Reconhece que “pode ter feito alguma solicitação de pagamento a funcionários da Kroll para a cessão de dados protegidos por sigilo, mas esclarece que isso ocorreu apenas com intermediação dos contatos com os supostos detetives”. Seus honorários ficavam entre 10% e 15% do pacote de uma investigação.
Outro depoimento que aponta a ligação de funcionários públicos com a Kroll é o da policial civil Sueli Leal. Mediante depósitos de R$ 180 a R$ 350, ela confirma ter repassado a um colaborador da Kroll chamado “Vagner” dados aos quais teve acesso por meio de sua senha no sistema interno da corporação, do qual constam antecedentes criminais, registro de veículos, de Carteira Nacional de Habilitação, entre outros itens.

Receita
Os agentes da PF descobriram, por meio da documentação apreendida na sede da Kroll, como a multinacional de investigações tinha acesso a informações sigilosas do fisco. Nos papéis, havia o nome de dois funcionários que trabalhavam na Delegacia da Receita Federal em Guarullhos.
Interrogando os dois servidores -Nivaldo Costa e Rosana Gouveia-, a PF chegou à empresa JRM Serviços Ltda.
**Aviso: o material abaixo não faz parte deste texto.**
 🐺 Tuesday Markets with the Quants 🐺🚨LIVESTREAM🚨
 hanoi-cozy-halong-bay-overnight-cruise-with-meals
Aprofundando as investigações, descobriu que a JRM intermediava, em nome da Kroll, o contato com os servidores públicos.
Funcionário do Serpro cedido à Receita, Costa alegou que só repassava à JRM dados disponíveis na internet. Disse que, para ter acesso a dados protegidos por sigilo, a pessoa precisa comprovar vínculo legal com o contribuinte.
Noutro ponto do depoimento, porém, admitiu que “é possível que, mesmo não tendo recebido dinheiro, tenha feito algum favor” para a JRM. Admitiu mais: “Esses favores podem ter sido acesso a dados do sistema” da Receita.
Rosana Gouveia, a outra servidora sob investigação, negou que tivesse vazado dados oficiais. Alegou que sua senha de acesso aos computadores da Receita pode ter sido utilizada pelo colega Nivaldo Costa.
Dos 11 colaboradores da Kroll ouvidos pela PF, só Rosana Gouveia, a funcionária da Receita, escapou do indiciamento. Os demais foram indiciados pelos crimes de corrupção ativa e passiva, formação de quadrilha e violação de sigilo funcional.
A JRM é propriedade de uma família cuja matriarca é Nilza Martins. Os filhos Alexandre e Rafael são os funcionários que atuam sob encomenda da Kroll.
Em seu depoimento, Nilza Martins disse que os serviços que sua empresa presta à Kroll limitam-se “a atividades de extração de cópias”. Alexandre forneceu à PF uma versão mais alentada: “pagamentos efetuados a Nivaldo Costa eram feitos no ato da pesquisa [nos computadores da Receita], variando de R$ 10 a R$ 15 por pesquisa”; “em síntese, a JRM intermediava os contatos com o servidor Nivaldo a fim de que fossem realizadas as pesquisas no interesse da Kroll”, em geral, conforme disse Rafael, sobre pessoas físicas.
Em 2 dos 11 depoimentos há referências ao contrato da Kroll com a Brasil Telecom.
Márcia Ruiz, a ex-funcionária da Kroll que colaborou com a PF, comentou que “presenciou os diretores [da Kroll] felizes pelo valor do contrato recém-fechado”.
A PF ouviu também um ex-servidor do Banco Central, Alcino Ferreira. Ele contou que foi contratado pela Kroll para, entre outros trabalhos, “traduzir” códigos utilizados pelo Banco Central em operações de câmbio.
De acordo com ele, não havia entre os papéis que analisou nenhuma “informação ou documentos que identificassem a empresa Brasil Telecom”.
Os códigos usados para registrar operações cambiais estão disponíveis no site do BC, segundo informou a assessoria de imprensa do órgão.